### Assignment
Quote the listing below in its entirety, omitting every image.

*** Dataset content Section Begins ***

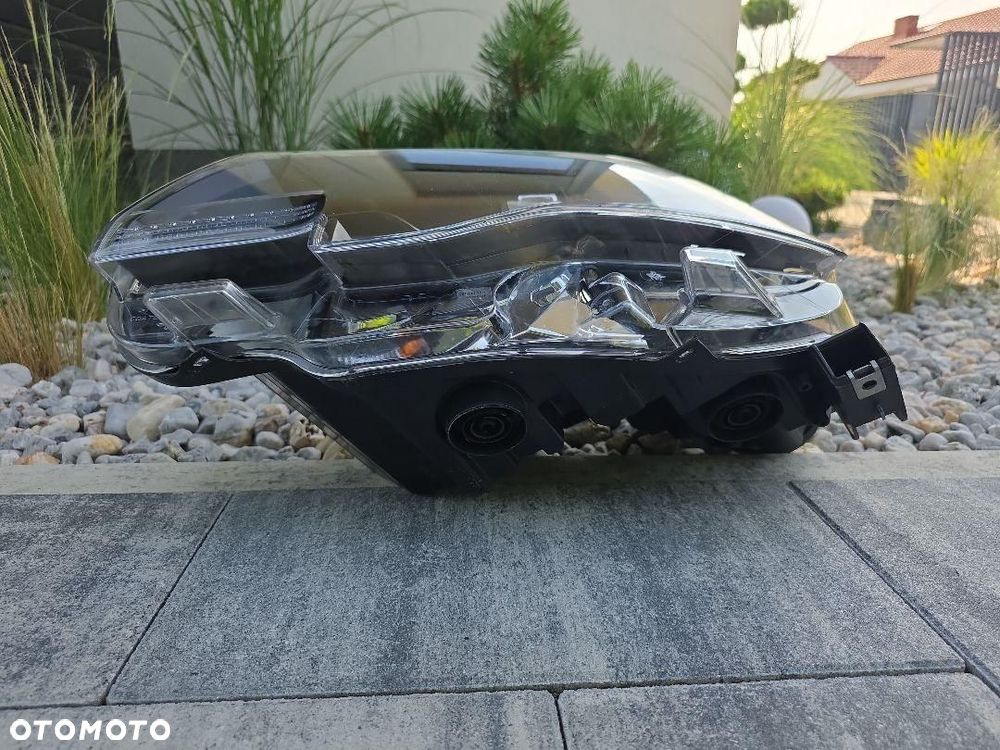 PEUGEOT RIFTER Lampa lewa przód Kompletna Zwykła H7 Soczewka Led 9816827280 - 8
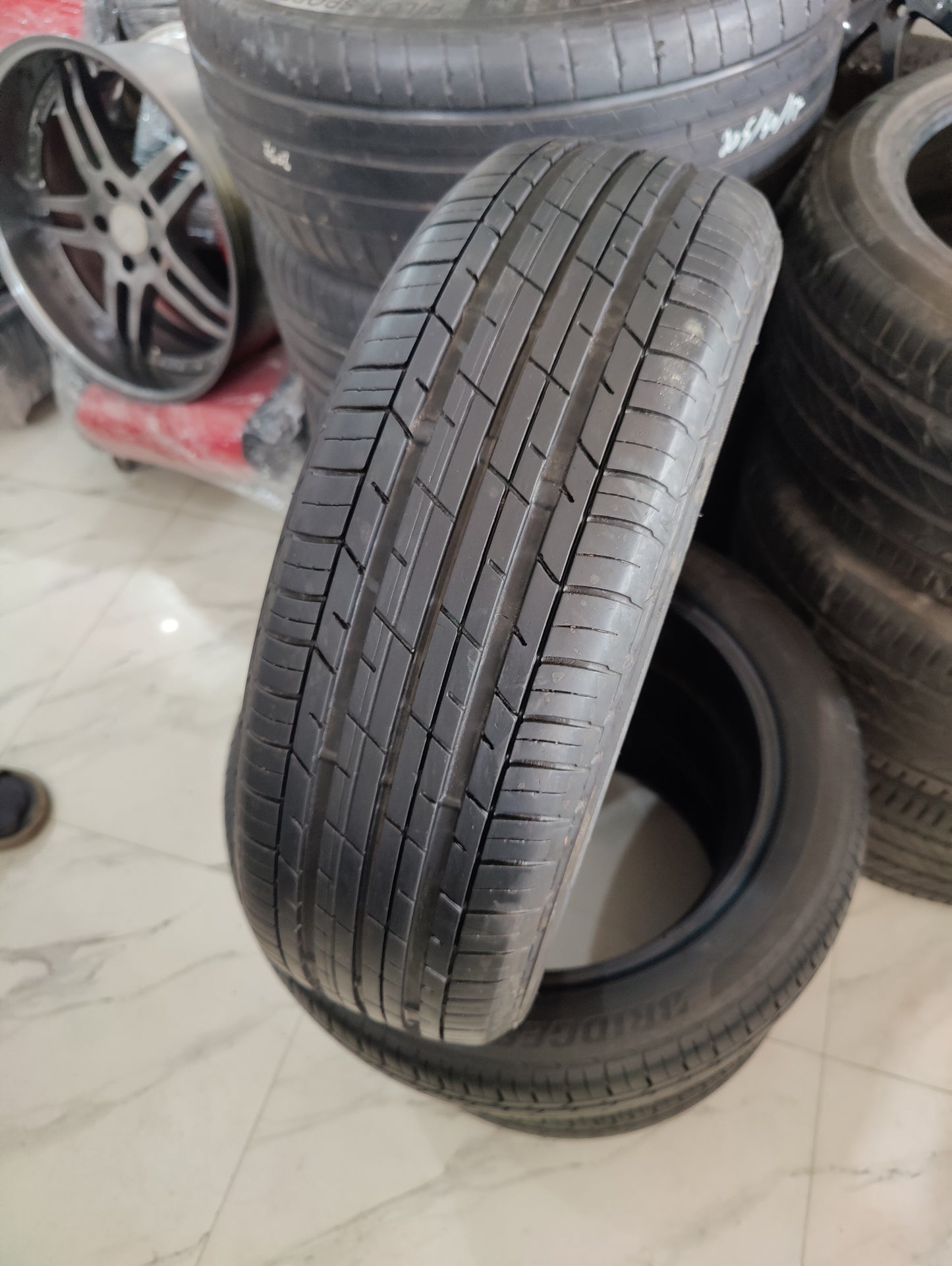 165/55/15 Bridgestone used Tyres set available 95%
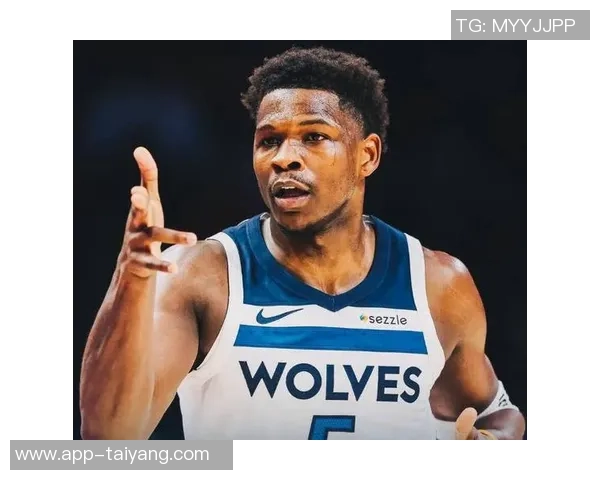 爱德华兹单季场均294分创队史新高前两名均为华子传奇球员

*** Dataset content Section Ends ***

### Answer space
 PEUGEOT RIFTER Lampa lewa przód Kompletna Zwykła H7 Soczewka Led 9816827280 - 8
 165/55/15 Bridgestone used Tyres set available 95%
 爱德华兹单季场均294分创队史新高前两名均为华子传奇球员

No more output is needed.